The real discovery here, at least for me, is the six Preludios epigramáticos from 1981. Brief, aphoristic, they compress Brouwer’s harmonic language into miniatures that recall—without imitating—Villa-Lobos’s preludes. Papandreou understands their epigrammatic nature; she doesn’t inflate them or sentimentalize. Each one breathes and ends, complete.
El Decamerón negro, the three-movement suite from 1981, represents Brouwer in what he called his “national Hyper-Romanticism” phase—a term that sounds more pretentious than the music actually is. Written for Sharon Isbin and based on African folk tales collected by Leo Frobenius, it explores Afro-Cuban traditions with considerable sophistication. “El arpa del guerrero” opens with those distinctive percussive attacks on the soundboard that have become something of a Brouwer signature. Papandreou produces them cleanly, without exaggeration—they punctuate rather than dominate. “La huida de los amantes sobre el valle de ecos” is the most overtly romantic movement, and here I wish she’d allowed herself slightly more timbral variety. The echoes feel a bit monochromatic. But “Ballada de la doncella enamorada” receives an interpretation of real tenderness, the melodic line singing without strain.

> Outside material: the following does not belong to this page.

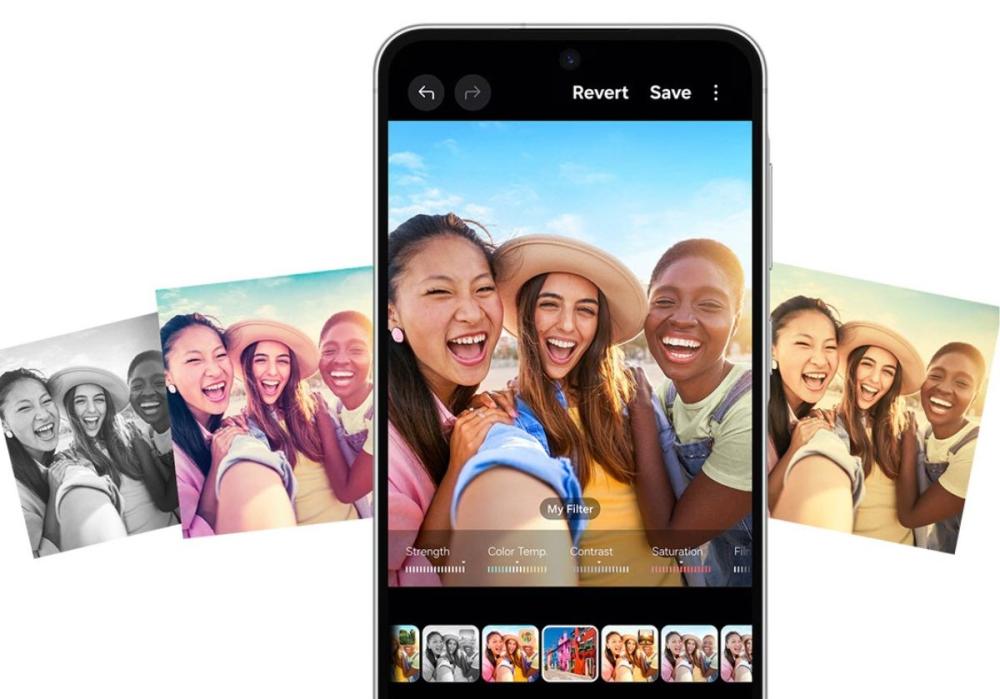 Aplică efecte retro, direct din galeria telefonului Samsung Galaxy A56 5G Enterprise Edition.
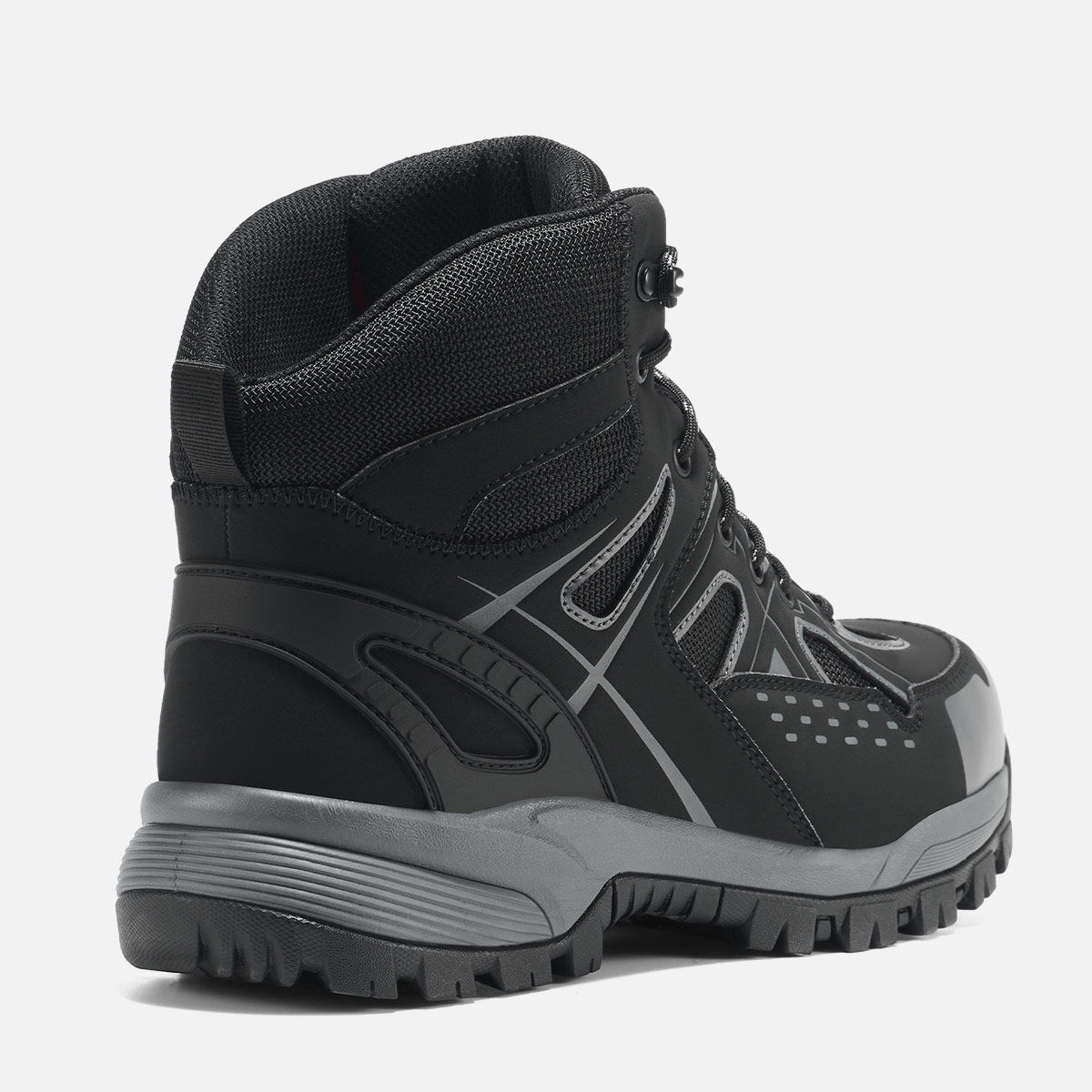 Men's Athletic Steel Toe Work Boots Black image7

The Variations on a Theme of Django Reinhardt take Reinhardt’s “Nuages” as their starting point—apparently the only time Brouwer has used theme-and-variation form, which seems curious for a composer of his generation and inclinations. The variations move from jazz-inflected harmonies through more abstract territories, though never entirely abandoning the theme’s wistful character. Papandreou navigates the stylistic shifts with intelligence, if not always with the kind of improvisatory freedom the material might invite.
Technical demands throughout this repertoire are considerable. Brouwer asks for sounds that lie outside the guitar’s conventional palette—those detuned strings, percussive effects, extreme dynamic contrasts in rapid succession. Papandreou handles them with what I can only call unflappable competence. Her tone remains focused even in the most awkward passages, her rhythm secure even when the meter fragments.
But—and this matters—competence isn’t quite the same as revelation. Her previous Naxos disc (Stravinsky, Dyens, Koshkin) showed similar qualities: scrupulous preparation, intelligent musicianship, technical solidity. What’s sometimes missing is that extra dimension of personal urgency, the sense that this music must be played exactly this way and no other. In “Tarantos,” for instance, the flamenco elements feel more referenced than inhabited. She plays the notes correctly, observes the rhythmic inflections, but something of the music’s raw nerve remains just out of reach.
The recording, made in what sounds like a relatively dry acoustic, serves the music well enough. Close but not claustrophobic. You hear the left-hand slides, the breath of the right-hand attack, the subtle buzz of a string against a fret—all the intimate details of guitar playing captured without fetishizing them.
For Brouwer enthusiasts, this disc is essential—no question. It documents a crucial phase of his development and includes pieces (those preludes especially) that deserve wider currency. Papandreou’s performances are more than respectable; they’re often genuinely illuminating. Whether they’re definitive is another matter. But in this repertoire, at this price, with this level of musical intelligence, one shouldn’t complain too loudly about the absence of miracles.
The guitar repertoire remains stubbornly resistant to canonization, and Brouwer’s more experimental works will likely remain specialists’ territory. This disc makes the best possible case for them—which is to say, it plays them straight, trusts their musical substance, and lets them speak. Sometimes that’s enough.